▶ **DATASET EXTRACT**:
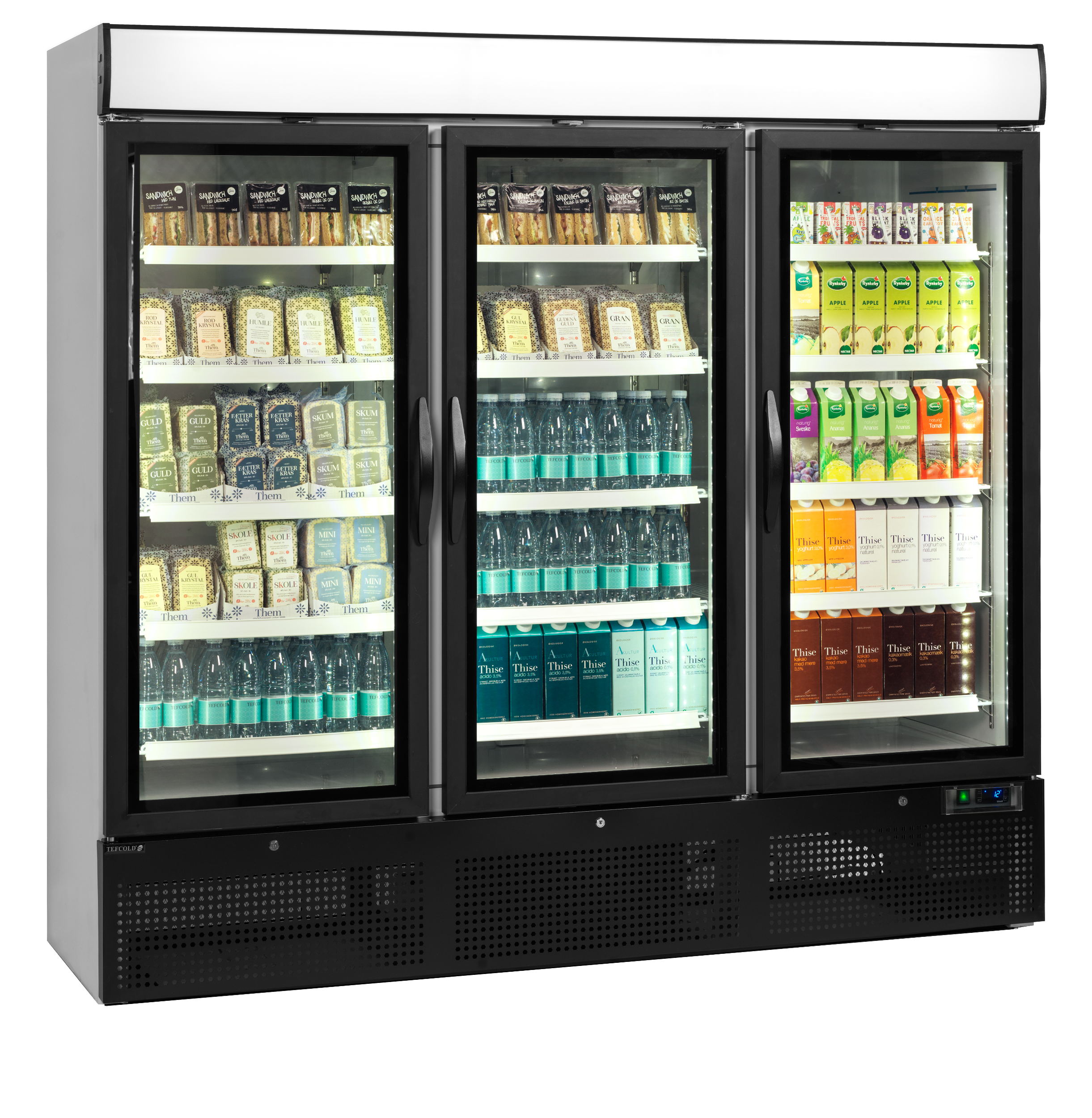 Réfrigérateur vitré TEFCOLD-NC7500G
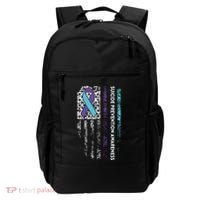 Suicide Prevention Awareness Ribbon American Flag Backpack thumb 0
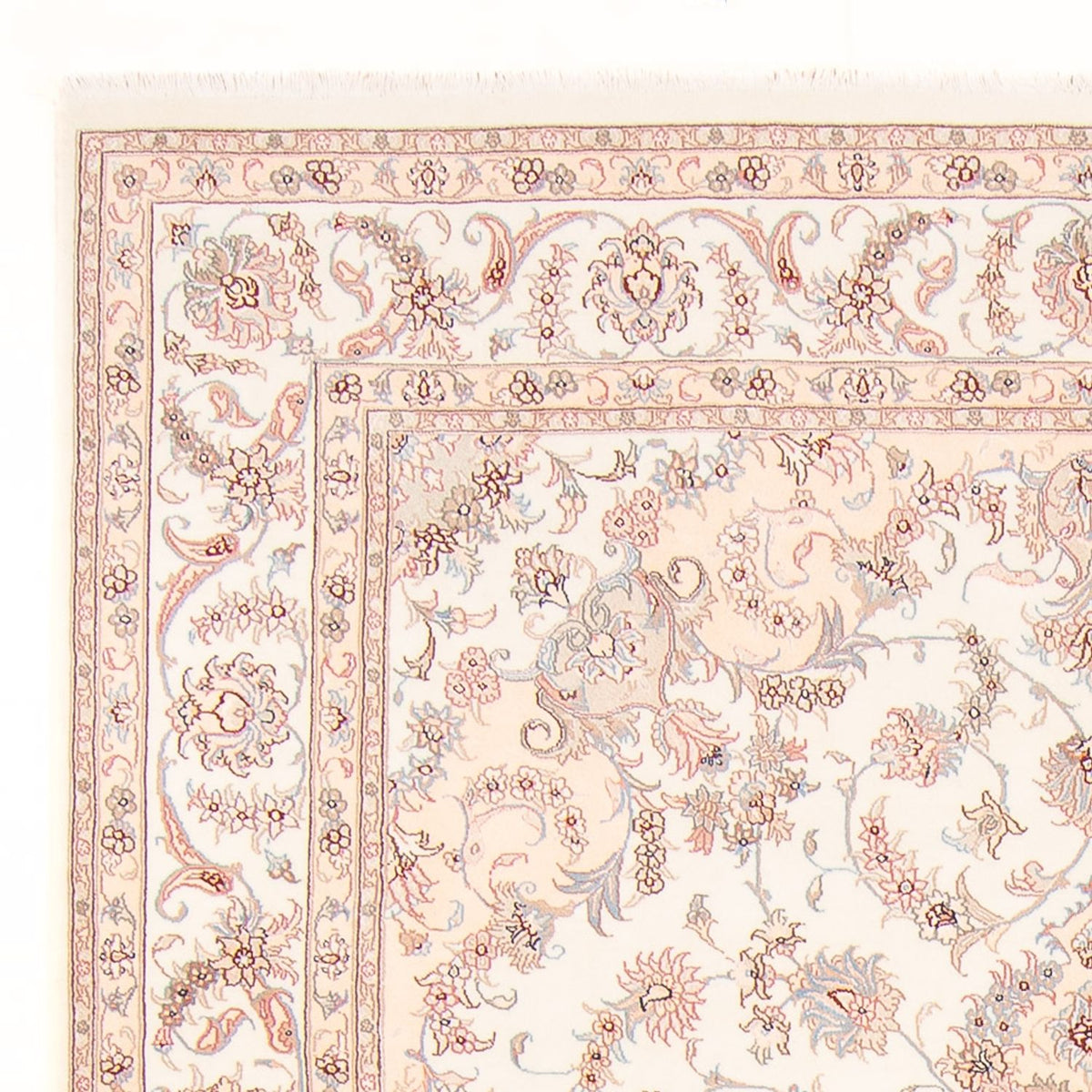 Perzisch tapijt - Tabriz - Royal - 300 x 196 cm - crème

▶ **YOUR GOAL**: A word-for-word copy of all the data, without pictures, is the expected output.

▶ **COMPLETED TASK**:
 Réfrigérateur vitré TEFCOLD-NC7500G
 Suicide Prevention Awareness Ribbon American Flag Backpack thumb 0
 Perzisch tapijt - Tabriz - Royal - 300 x 196 cm - crème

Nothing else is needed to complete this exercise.